Four bacterial strains, Staphylococcus epidermidis GB 9/6, Streptococcus salivarius GB 24/9, Staphylococcus aureus GB 2/1, and Rothia dentocariosa GBJ 52/2B and two yeast strains: Candida albicans GBJ 13/4A and Candida tropicalis GB 9/9 isolated from explanted voice prostheses were used in this study. All strains were first grown overnight at 37°C in ambient air on an agar plate from a frozen stock. The agar plate was kept at 4°C for a maximum of 2 weeks. Several colonies were used to inoculate 10 mL of brain heart infusion broth (BHI, OXOID, Basingstoke, UK) for all the bacterial and yeast strains in use. This preculture was incubated at 37°C in ambient air for 24 h and used to inoculate a second culture of 200 mL that was grown for 18 h. The microorganisms from the second culture were harvested by centrifugation at 10 000 g for 5 min and washed twice with demineralized water. Subsequently, bacterial cells were resuspended in 200 mL PBS, after sonication on ice (10 s), to a concentration of 3 × 108 mL−1. Yeast cells were resuspended in PBS to a concentration of 3 × 106 mL−1. A Bürker–Türk counting chamber was used to count the cells.

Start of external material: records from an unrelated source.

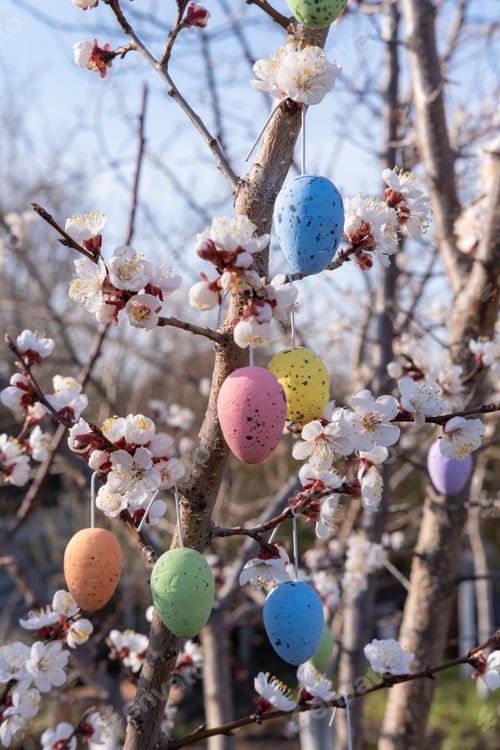 Preview: Flowering trees with hanging Easter colored eggs. Garden decoration for Easter. Easter composition.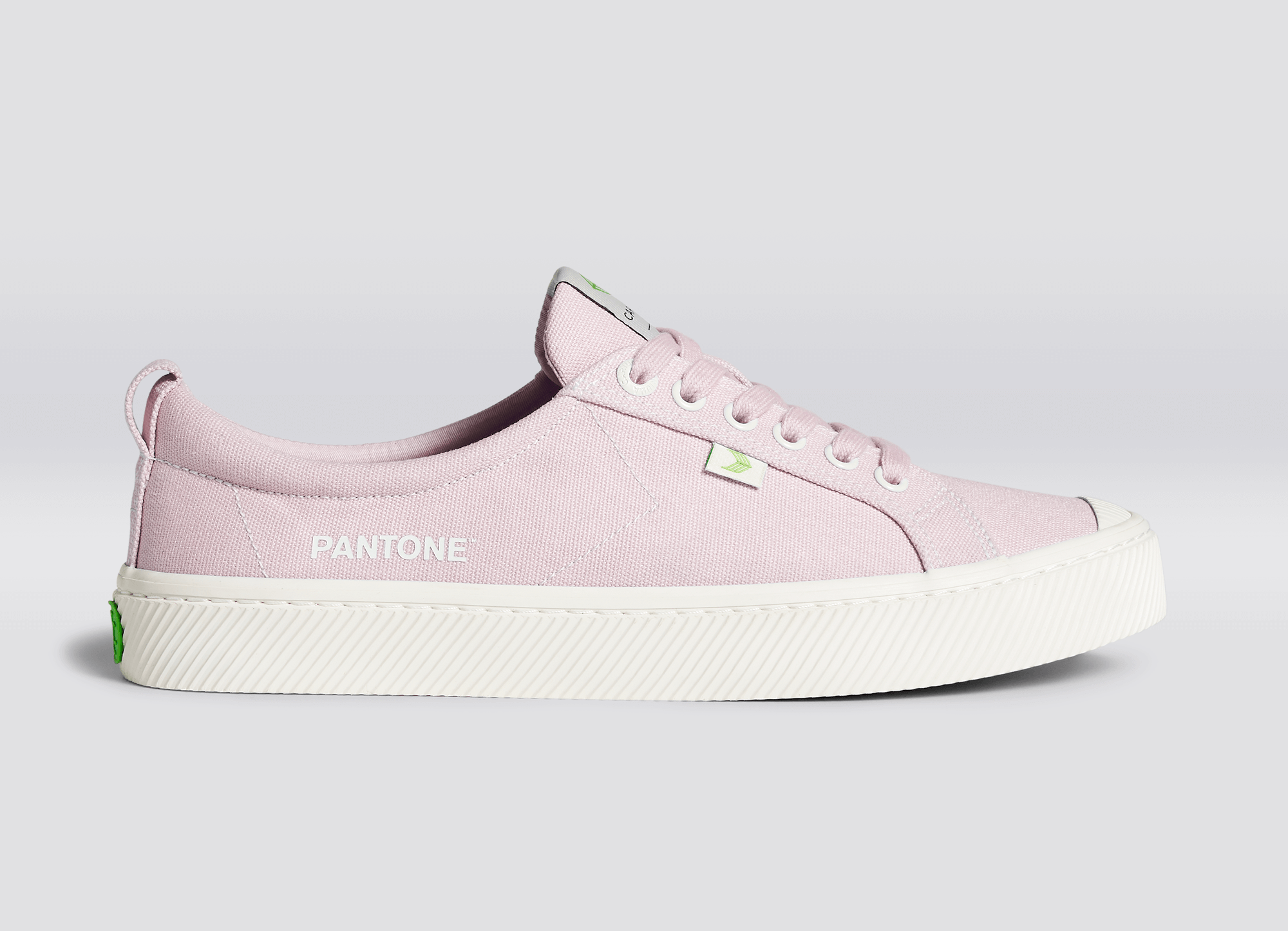 CARIUMA: Women's Pantone Pale Lilac Canvas Sneaker | OCA Low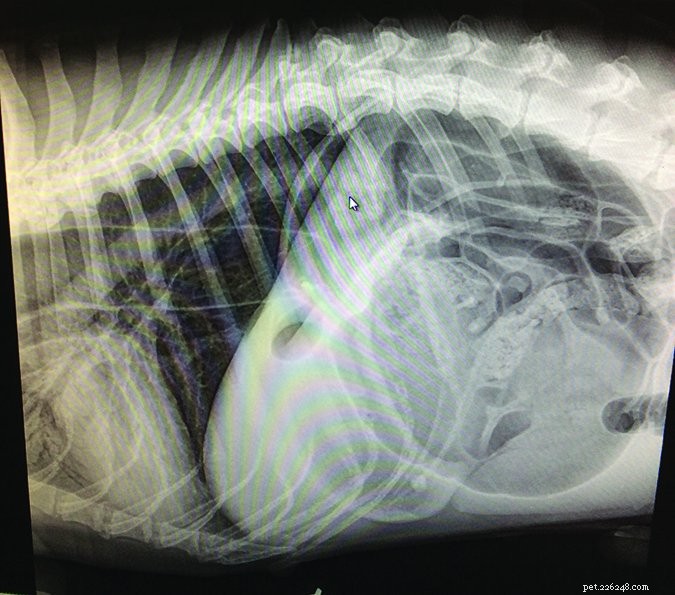 Bloat (GDV): The Most Critical Dog Emergency Explained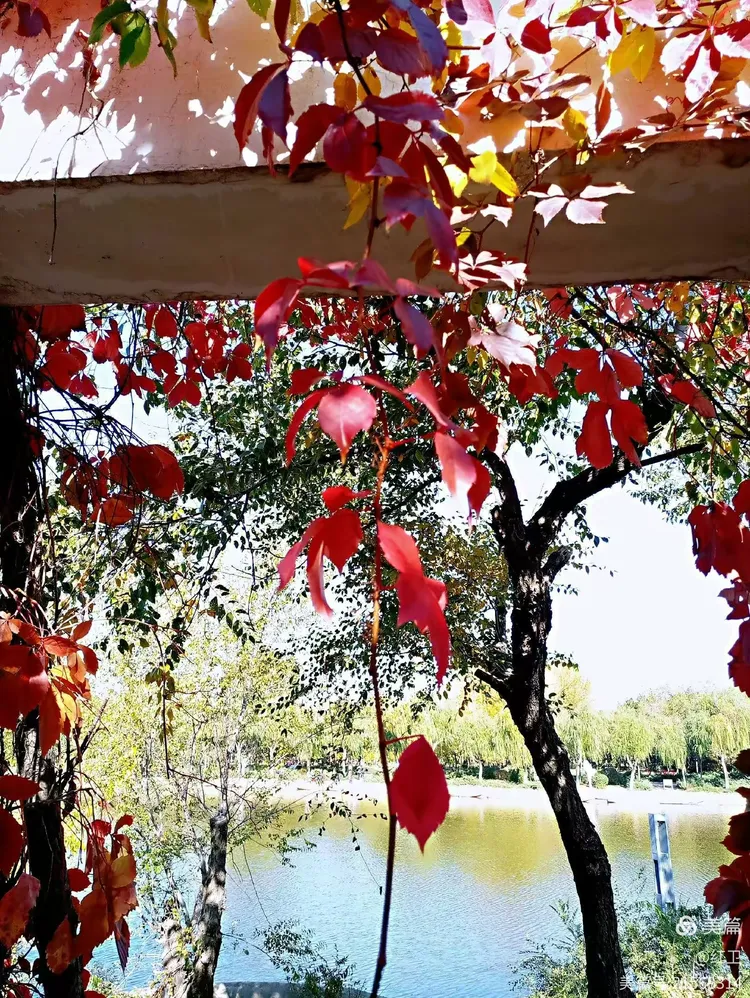 自古逢秋悲寂寥,我言秋日胜春朝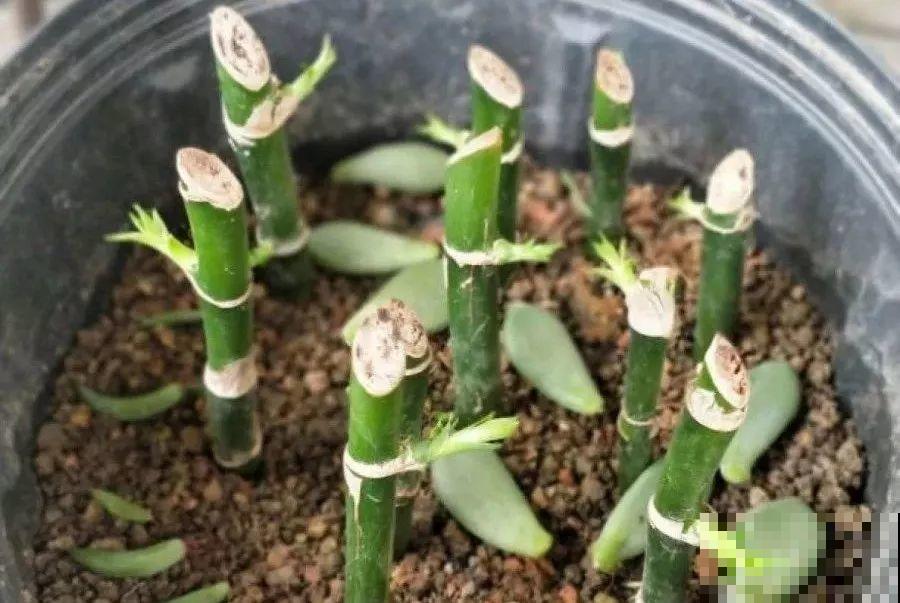 20种花最怕冷，一降温就黄叶，不做准备只剩空盆了！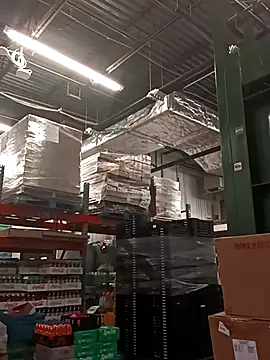 kobrashekyng online show from 09.30.25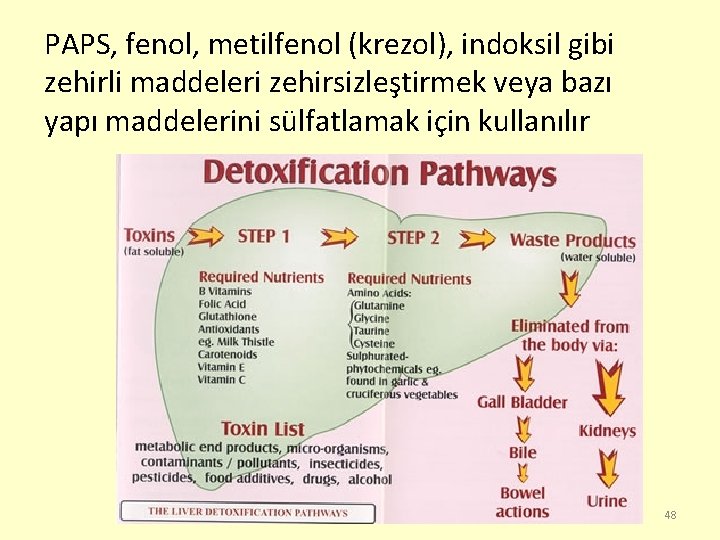 PAPS, fenol, metilfenol (krezol), indoksil gibi zehirli maddeleri zehirsizleştirmek veya bazı yapı maddelerini sülfatlamak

Contact angle measurements

Advancing type contact angles with Millipore water on silicone rubber with and without an adsorbed biosurfactant layer were measured with a locally manufactured contour monitor using the sessile drop technique (van Oss et al., 1988). On each sample, at least five droplets were placed at different positions and results of three separately prepared surfaces with adsorbed biosurfactant were averaged.

Adhesion experiments

The flow chamber and image analysis system have been described in detail elsewhere (Sjollema et al., 1989). Images were taken from the bottom plate (5.5 × 3.8 cm) of the parallel plate flow chamber, which consisted of a thin sheet of silicone rubber (with or without an adsorbed biosurfactant layer) affixed to a polymethylmethacrylate (PMMA) plate. The top plate of the chamber was made of glass.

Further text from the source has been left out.